START RAW DATA

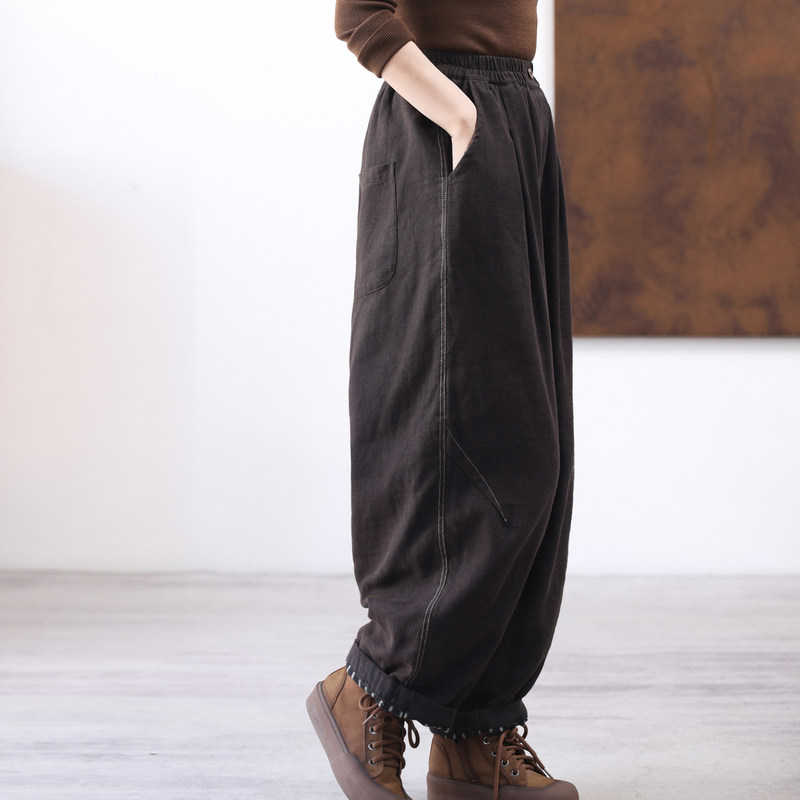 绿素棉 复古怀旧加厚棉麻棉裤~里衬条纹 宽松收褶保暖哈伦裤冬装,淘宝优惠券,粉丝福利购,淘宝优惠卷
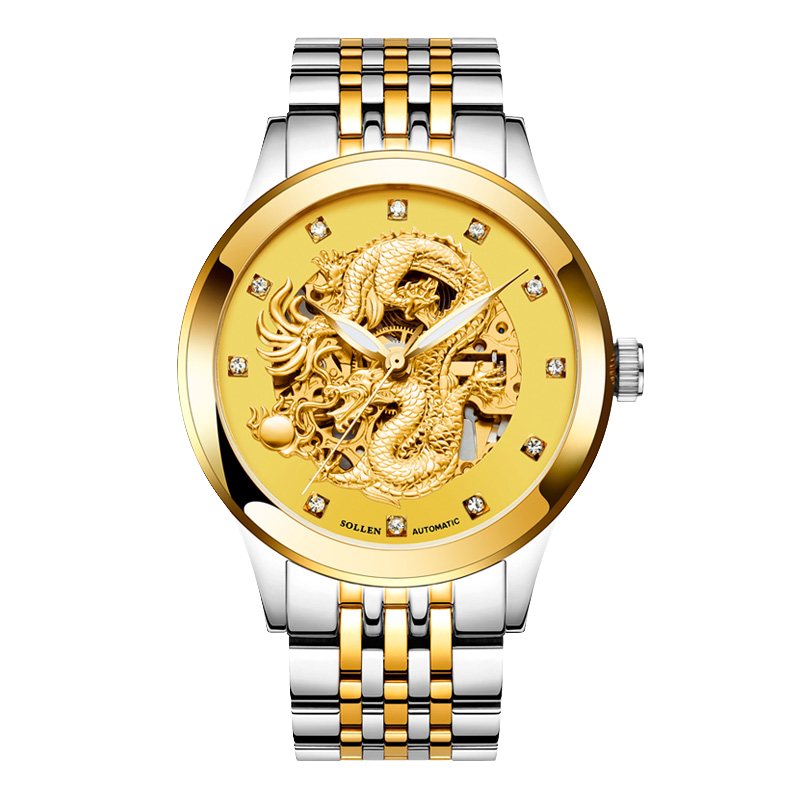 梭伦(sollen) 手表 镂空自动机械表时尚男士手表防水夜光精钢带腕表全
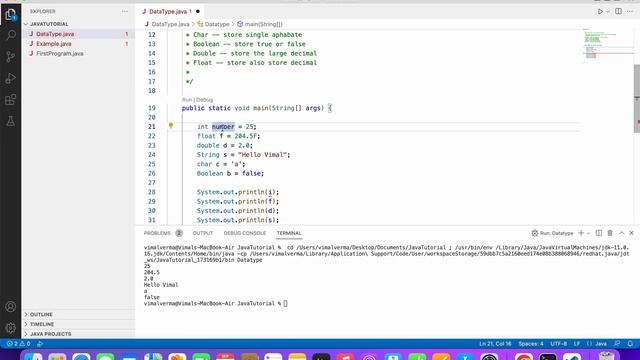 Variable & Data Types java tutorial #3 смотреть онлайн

END RAW DATA

*EXERCISE*
Any picture found in the data is to be skipped while the rest is copied exactly.

*EXERCISE SOLUTION*
 绿素棉 复古怀旧加厚棉麻棉裤~里衬条纹 宽松收褶保暖哈伦裤冬装,淘宝优惠券,粉丝福利购,淘宝优惠卷
 梭伦(sollen) 手表 镂空自动机械表时尚男士手表防水夜光精钢带腕表全
 Variable & Data Types java tutorial #3 смотреть онлайн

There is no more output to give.